The storage cost comparison shown in section 3.2 has little value. Among other shortcomings, it compares highly mature technology like pumped hydro with very immature storage like solar thermal coupled with molten salt, and compressed air in caverns.
There is about 1400 GW of hydro (including pumped hydro) and 1100 GW of solar PV in the world, compared with only 7 GW of solar thermal. Magical growth rates off a very small base are required for solar thermal to catch rapidly growing solar PV (coupled with pumped hydro, batteries and thermal stores) by 2050.

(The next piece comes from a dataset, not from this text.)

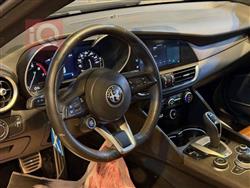 ئەلفا رۆمیۆ Giulia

The report claims that “challenges are due, in part, to the limited set of commercially mature (‘bankable’) storage options and their inherent constraints based on end-use applications”. This is an unduly pessimistic view of what is actually a rosy storage outlook for most energy sectors.
The report wrongly gives the impression that storage is somehow difficult. In fact, existing technology (transmission, pumped hydro, batteries, thermal storage, storage of chemicals and demand management) is off the shelf.
Storage is a solved problem. Affordable solutions already exist for most applications. Of course, further R&D will further improve cost and efficacy.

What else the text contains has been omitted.